Introducing

Malini Agarwal

The pioneer of lifestyle blogging in India, Malini Agarwal or ‘Miss Malini’ has done it all — fashion, beauty, Bollywood, 'Malini's Girl Tribe', and more.
Malini Agarwal, better known as MissMalini, is one of the most well-recognised faces on the Indian internet. She founded an eponymous lifestyle blogging platform 12 years ago when digital media was still in its infancy. Today, MissMalini Entertainment has a cumulative monthly reach of over 40 million across platforms, and is backed by leading investors like Rajan Anandan, Orios Venture Partners and New Enterprise Associates.
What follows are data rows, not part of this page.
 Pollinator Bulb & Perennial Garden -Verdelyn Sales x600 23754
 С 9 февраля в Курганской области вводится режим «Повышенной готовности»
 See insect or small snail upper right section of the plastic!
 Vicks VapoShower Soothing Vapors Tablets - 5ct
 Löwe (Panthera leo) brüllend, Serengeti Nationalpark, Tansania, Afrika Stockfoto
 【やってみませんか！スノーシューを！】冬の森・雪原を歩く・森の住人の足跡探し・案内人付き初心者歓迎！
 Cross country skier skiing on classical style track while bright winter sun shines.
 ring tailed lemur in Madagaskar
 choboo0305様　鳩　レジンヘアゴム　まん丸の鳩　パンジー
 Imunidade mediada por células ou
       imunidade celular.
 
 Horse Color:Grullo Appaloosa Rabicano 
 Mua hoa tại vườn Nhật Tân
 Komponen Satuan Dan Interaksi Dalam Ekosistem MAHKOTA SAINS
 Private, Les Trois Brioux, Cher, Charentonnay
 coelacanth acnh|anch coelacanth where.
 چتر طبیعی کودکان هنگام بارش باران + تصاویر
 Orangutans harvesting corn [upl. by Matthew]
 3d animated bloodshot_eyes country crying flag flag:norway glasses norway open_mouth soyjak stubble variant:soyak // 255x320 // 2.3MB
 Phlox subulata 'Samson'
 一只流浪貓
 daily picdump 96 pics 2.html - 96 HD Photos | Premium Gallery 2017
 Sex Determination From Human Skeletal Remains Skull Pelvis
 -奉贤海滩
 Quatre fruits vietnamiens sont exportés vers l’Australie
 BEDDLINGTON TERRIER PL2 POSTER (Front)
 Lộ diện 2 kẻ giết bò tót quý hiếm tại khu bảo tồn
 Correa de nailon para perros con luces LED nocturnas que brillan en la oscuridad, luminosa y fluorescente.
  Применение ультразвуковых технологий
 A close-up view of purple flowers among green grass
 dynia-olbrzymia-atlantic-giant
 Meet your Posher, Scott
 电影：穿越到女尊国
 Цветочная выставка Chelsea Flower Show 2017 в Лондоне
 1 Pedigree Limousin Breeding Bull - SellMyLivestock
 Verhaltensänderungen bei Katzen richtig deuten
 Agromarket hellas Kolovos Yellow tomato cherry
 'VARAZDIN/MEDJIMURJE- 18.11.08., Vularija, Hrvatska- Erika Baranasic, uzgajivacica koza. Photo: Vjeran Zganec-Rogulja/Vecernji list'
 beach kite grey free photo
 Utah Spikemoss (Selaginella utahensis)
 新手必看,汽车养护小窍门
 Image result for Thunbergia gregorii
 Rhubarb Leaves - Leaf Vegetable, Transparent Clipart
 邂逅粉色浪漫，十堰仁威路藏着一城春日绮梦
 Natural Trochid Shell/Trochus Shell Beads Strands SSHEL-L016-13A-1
Malini is also one of India’s premier digital creators and social media influencers, regularly partnering with top millennial-focused brands. She’s even authored a book titled To The Moon: How I Blogged My Way To Bollywood.

Awards

Awards and Recognitions
07
YourStory's 100 Digital Influencers of 2020
Malini’s writing focuses on the power of social media and how it can be leveraged to build an online presence or to scale a business or simply to find like-minded people in private groups (like Malini’s Girl Tribe where ‘women uplift women’ by sharing inspirational stories and talking uninhibitedly about subjects that concern them). Through her writing, she’s brought to focus pressing modern-day issues like toxic masculinity, societal conditioning, and gender inequality, and even suggested ways to drive change. In 2020, Malini has also shared tips on boosting work-from-home productivity and maintaining “high spirits” away from the office, power dressing and its impact on one’s well-being, books to read for budding entrepreneurs, and mantras for professional growth. “If people start teaching boys to be accountable for their actions instead of condoning bad behaviour under the umbrella of ‘boys being boys’, then we can make movements towards positive masculinity. What society and parents need to do first and foremost is recognise the deeply ingrained biases and cultural beliefs that everyone has grown up with, and recognise and admit that therein lays the base of the problem. Once, acknowledged, it becomes easier to catch themselves perpetuating any particular gender stereotype and question how it can be done differently.”